> _Assigned task_
Write out each line of the listing as it stands, without the images.

> _Data provided_
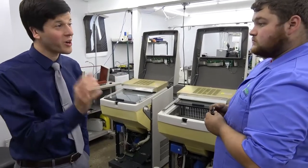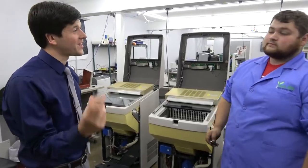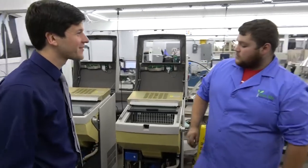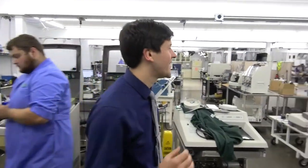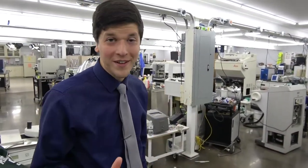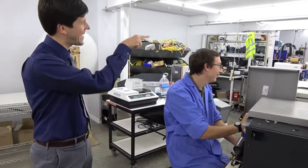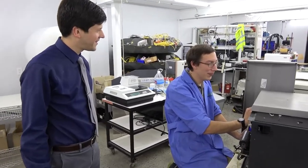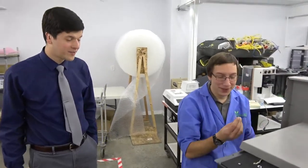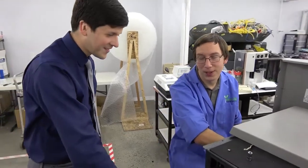Rob, you were the first person to ever show us a part being removed from a system live during a Tech Shop review — good television right there. We're going to go see what Bart's doing. We're not in his standard area this time — he always has us in that one nook, but we're moving today. I didn't know you actually worked over here, Bart — I thought you could only work on that end of the tech shop.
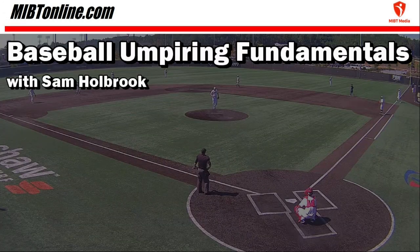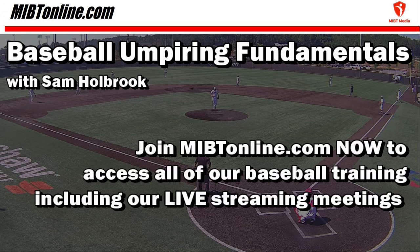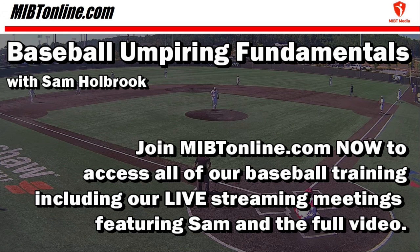Baseball Umpiring Fundamentals with Sam Holbrook, and only at MIBTOnline.com. Go to MIBTOnline.com now and sign up to have full access to all our live streaming meetings with Sam, as well as all our educational content. Do it today!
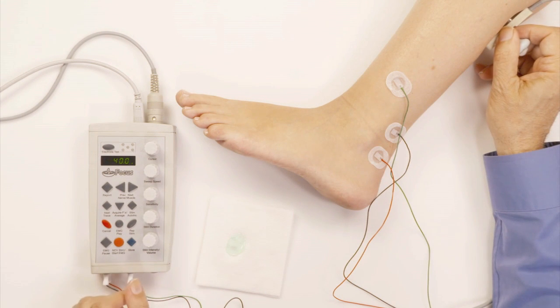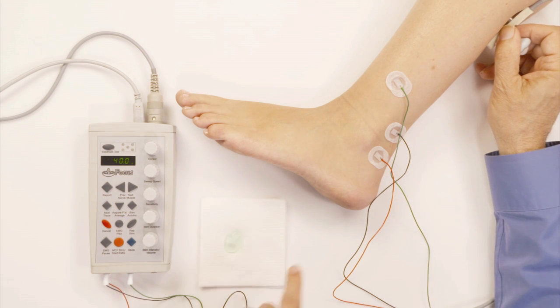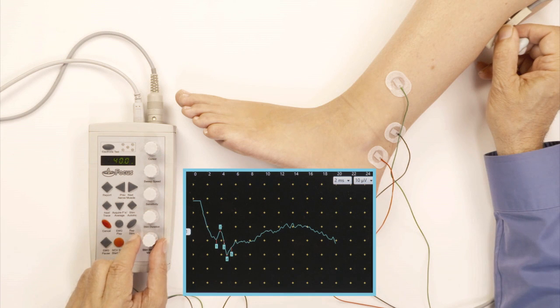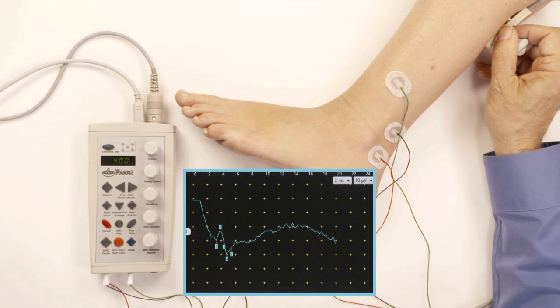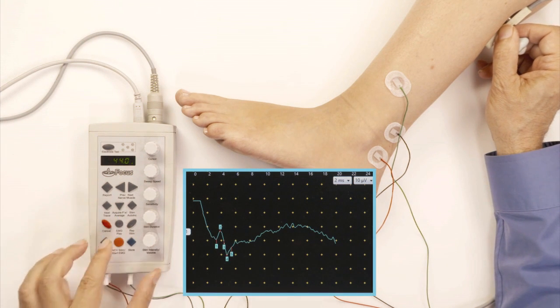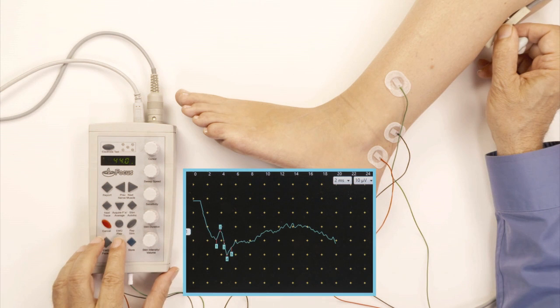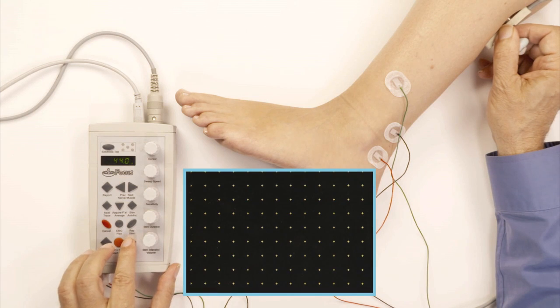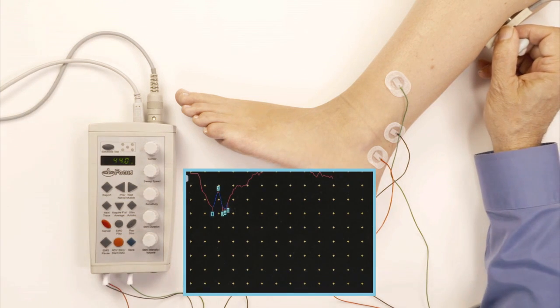I start stimulating and increase the intensity enough to get a good response. My first instinct is to ask the subject if they feel it going down to their ankle — she confirmed that she did, which tells me I'm over the sural nerve. It's sometimes tough to relax in this area, so you might not get a perfectly straight baseline, but I can see the sural nerve potential fairly clearly. I raise the intensity a bit to get a higher amplitude, and now I've got a good sural nerve response, so I accept and save it.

> _Written response_
Rob, you were the first person to ever show us a part being removed from a system live during a Tech Shop review — good television right there. We're going to go see what Bart's doing. We're not in his standard area this time — he always has us in that one nook, but we're moving today. I didn't know you actually worked over here, Bart — I thought you could only work on that end of the tech shop.
Baseball Umpiring Fundamentals with Sam Holbrook, and only at MIBTOnline.com. Go to MIBTOnline.com now and sign up to have full access to all our live streaming meetings with Sam, as well as all our educational content. Do it today!
I start stimulating and increase the intensity enough to get a good response. My first instinct is to ask the subject if they feel it going down to their ankle — she confirmed that she did, which tells me I'm over the sural nerve. It's sometimes tough to relax in this area, so you might not get a perfectly straight baseline, but I can see the sural nerve potential fairly clearly. I raise the intensity a bit to get a higher amplitude, and now I've got a good sural nerve response, so I accept and save it.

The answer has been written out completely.